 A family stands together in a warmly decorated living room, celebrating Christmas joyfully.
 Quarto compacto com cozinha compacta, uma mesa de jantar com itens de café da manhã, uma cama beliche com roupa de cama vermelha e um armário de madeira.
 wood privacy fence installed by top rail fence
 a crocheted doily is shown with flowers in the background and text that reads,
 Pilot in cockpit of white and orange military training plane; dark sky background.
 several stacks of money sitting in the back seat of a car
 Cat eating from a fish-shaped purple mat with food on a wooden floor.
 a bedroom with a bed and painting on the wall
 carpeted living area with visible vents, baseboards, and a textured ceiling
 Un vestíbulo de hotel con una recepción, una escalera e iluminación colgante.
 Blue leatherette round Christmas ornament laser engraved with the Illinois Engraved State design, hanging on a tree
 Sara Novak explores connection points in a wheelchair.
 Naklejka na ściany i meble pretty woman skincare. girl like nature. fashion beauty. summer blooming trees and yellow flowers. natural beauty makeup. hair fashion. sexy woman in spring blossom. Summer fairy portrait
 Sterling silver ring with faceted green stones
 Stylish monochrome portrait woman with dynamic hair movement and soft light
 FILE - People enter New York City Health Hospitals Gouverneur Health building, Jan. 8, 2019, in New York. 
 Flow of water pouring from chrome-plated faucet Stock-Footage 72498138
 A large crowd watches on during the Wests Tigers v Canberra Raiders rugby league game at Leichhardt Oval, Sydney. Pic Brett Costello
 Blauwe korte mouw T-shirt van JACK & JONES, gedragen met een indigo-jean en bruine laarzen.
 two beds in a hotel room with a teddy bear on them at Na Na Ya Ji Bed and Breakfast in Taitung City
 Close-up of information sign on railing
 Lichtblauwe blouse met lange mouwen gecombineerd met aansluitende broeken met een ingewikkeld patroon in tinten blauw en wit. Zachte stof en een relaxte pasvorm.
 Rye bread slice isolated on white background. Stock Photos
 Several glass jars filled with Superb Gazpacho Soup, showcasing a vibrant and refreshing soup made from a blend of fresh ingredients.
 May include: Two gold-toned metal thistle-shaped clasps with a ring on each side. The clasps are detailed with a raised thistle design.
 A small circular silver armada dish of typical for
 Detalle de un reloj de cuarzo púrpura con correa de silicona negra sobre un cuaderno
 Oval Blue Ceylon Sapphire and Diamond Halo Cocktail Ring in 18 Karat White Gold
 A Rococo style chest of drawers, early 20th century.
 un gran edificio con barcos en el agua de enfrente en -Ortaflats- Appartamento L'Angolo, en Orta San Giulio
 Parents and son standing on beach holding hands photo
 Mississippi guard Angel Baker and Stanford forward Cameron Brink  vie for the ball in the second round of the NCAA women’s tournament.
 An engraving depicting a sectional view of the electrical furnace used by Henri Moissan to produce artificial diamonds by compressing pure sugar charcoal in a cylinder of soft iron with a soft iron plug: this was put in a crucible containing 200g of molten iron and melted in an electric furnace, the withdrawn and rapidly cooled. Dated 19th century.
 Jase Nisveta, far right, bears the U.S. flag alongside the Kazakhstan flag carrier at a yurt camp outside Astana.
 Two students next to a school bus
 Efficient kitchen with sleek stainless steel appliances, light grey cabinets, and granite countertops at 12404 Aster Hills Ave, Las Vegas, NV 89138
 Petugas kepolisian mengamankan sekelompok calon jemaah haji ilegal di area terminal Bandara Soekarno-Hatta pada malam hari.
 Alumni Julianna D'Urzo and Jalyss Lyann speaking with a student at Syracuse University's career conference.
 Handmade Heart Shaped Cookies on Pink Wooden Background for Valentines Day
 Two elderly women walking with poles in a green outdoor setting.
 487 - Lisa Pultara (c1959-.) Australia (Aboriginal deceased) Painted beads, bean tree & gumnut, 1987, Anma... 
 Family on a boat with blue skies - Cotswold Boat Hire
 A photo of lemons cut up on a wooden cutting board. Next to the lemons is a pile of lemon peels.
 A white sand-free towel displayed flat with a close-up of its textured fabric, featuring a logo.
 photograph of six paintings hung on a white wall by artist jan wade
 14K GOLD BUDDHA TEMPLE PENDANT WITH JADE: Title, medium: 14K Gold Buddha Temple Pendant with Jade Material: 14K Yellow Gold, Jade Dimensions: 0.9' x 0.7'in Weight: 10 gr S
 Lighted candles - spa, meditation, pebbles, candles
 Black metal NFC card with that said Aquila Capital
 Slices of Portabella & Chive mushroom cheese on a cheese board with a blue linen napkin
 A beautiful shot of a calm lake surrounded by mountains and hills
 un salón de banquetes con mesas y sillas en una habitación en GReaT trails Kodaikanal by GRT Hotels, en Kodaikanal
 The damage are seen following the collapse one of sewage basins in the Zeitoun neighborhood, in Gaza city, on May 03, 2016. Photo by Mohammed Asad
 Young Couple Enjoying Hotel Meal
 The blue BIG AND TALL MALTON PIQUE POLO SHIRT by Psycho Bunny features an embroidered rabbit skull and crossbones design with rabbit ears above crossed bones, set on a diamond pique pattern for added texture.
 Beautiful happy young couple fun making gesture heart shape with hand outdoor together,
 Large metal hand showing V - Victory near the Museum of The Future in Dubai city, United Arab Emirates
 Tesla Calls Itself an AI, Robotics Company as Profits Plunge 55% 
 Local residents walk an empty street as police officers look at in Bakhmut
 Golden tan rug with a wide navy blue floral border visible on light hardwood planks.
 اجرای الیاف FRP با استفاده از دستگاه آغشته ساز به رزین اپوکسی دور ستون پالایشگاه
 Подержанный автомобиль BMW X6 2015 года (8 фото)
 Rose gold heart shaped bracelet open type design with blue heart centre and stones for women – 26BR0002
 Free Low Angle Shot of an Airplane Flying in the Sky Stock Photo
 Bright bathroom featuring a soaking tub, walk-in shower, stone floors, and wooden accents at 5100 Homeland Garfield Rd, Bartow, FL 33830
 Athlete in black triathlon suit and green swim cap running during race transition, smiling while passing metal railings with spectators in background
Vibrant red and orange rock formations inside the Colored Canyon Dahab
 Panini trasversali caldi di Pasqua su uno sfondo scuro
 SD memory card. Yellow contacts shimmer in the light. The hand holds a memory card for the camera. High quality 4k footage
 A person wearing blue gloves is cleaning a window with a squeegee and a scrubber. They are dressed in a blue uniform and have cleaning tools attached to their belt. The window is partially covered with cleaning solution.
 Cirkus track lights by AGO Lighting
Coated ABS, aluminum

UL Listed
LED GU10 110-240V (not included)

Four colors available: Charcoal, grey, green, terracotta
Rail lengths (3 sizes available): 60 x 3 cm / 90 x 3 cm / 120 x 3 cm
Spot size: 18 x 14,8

========================================

Instructions for the task: Please state how many lines of the material contain the word "silver", giving the number alone.

Reply to the task: 2